HiFX comments on the ECB’s interest rate decision
Andy Scott, associate director of FX advisory services at foreign currency specialists, HiFX, commenting on the ECB’s interest rate decision, said: “The euro fell sharply this Thursday following a series of measures announced by the European Central Bank aimed at staving off the threat of deflation, boosting credit availability and economic activity in the Eurozone. Firstly it announced a cut in the main and marginal lending rates to 0.15% and 0.4% along with the more controversial decision to cut the deposit rate to -0.10%, meaning banks will be charged to deposit funds with the central bank overnight. These cuts were widely expected by the market and had little effect- in fact the euro rose briefly. The sharp fall came as a result of the additional measures announced at the press conference which include a €400bn four year LTRO, offering banks financing against certain assets that have become less liquid or harder to sell, as well as ending sterilisation of its of its Securities Market Programme so that they are adding money into the market when they buy sovereign bonds. This is a big step towards outright quantitative easing and the ECB said it is making preparatory steps for an asset purchase programme.
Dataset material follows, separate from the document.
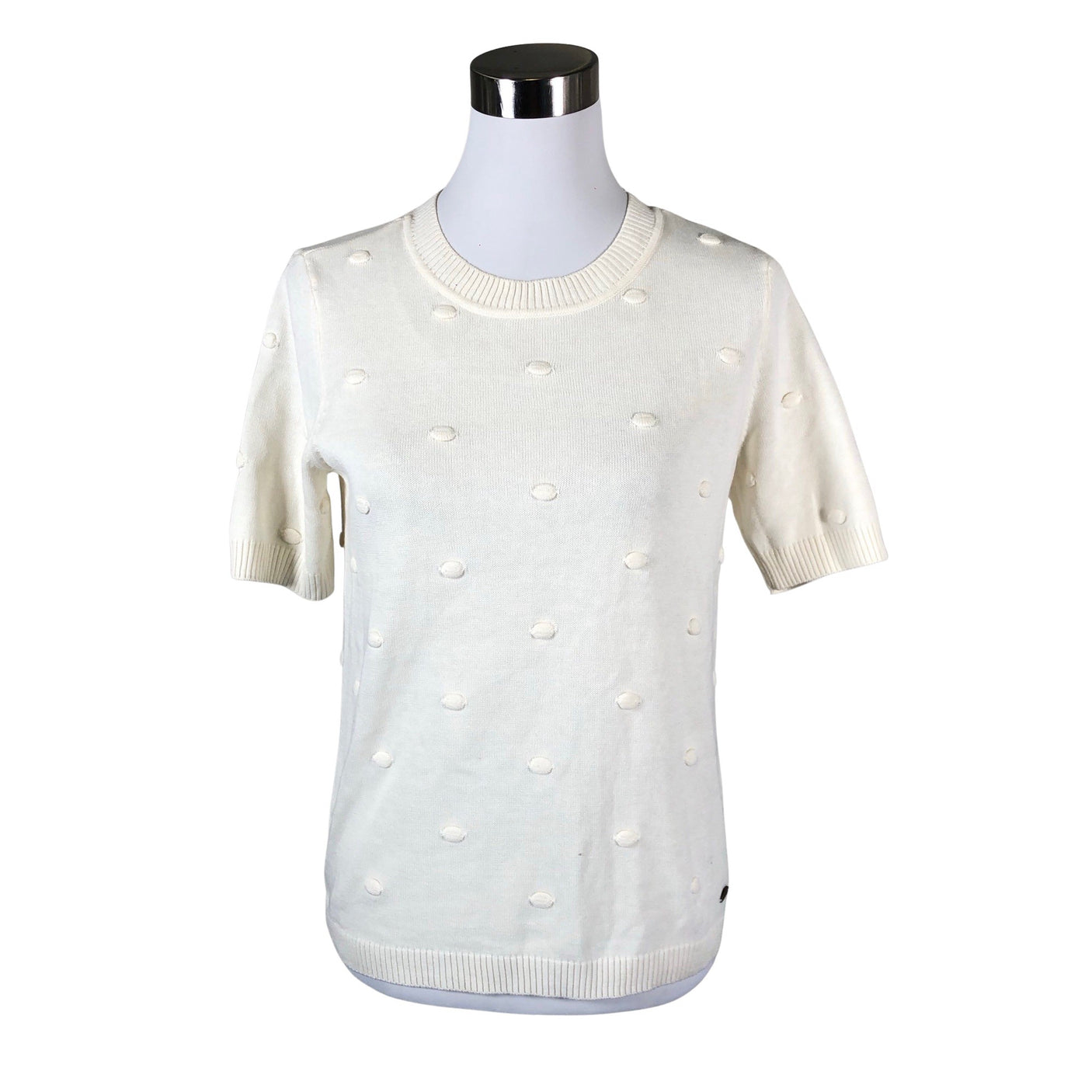 Naisten Esprit - Neulepaita, koko 36 - Valkoinen (1)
With plenty of evidence that price pressures are going to continue to remain on the downside in the current environment of subdued growth and high levels of unemployment, it revised down its inflation forecast for this year to 0.7% (the current rate is 0.5%) and next year to 1.1%.
“Clearly the ECB felt that having waited as long as it has to act against the threat of continued below target inflation/deflation, it needed to use almost every instrument available to show it means business. The market was caught somewhat by surprise and there’s little doubt that was partly intended since a factor in the ECB’s policy actions is the value of the euro, which has remained high despite the ECB signaling last month that it was planning to ease at today’s meeting. Markets anticipate events and assets, in this the euro, will be priced accordingly. By surprising the market they have driven the euro lower even though they would never admit to that being a specific goal. The pressure has been building for some time now and this was its chance to respond to politicians and the IMF who have called on the ECB to do more to boost growth and lending as the majority of Eurozone economies lag behind the U.K. and U.S. who are expected to see growth of around 3% this year. And as Draghi said, the ECB is not finished yet so we may see it go down the route the Federal Reserve, Bank of England and Bank of Japan all have taken and do its own quantitative easing programme. I suspect that it will see how the next few months’ inflation and growth figures pan out before pushing the button on such a dramatic measure. For now, it has done quite a bit to try and turn the fortunes of the Eurozone economies around. It’s over to the European banks to lend, the consumers to spend and the companies to invest to do the rest. At the time of writing the euro had fallen by three quarters of one percent against both the pound and the dollar.”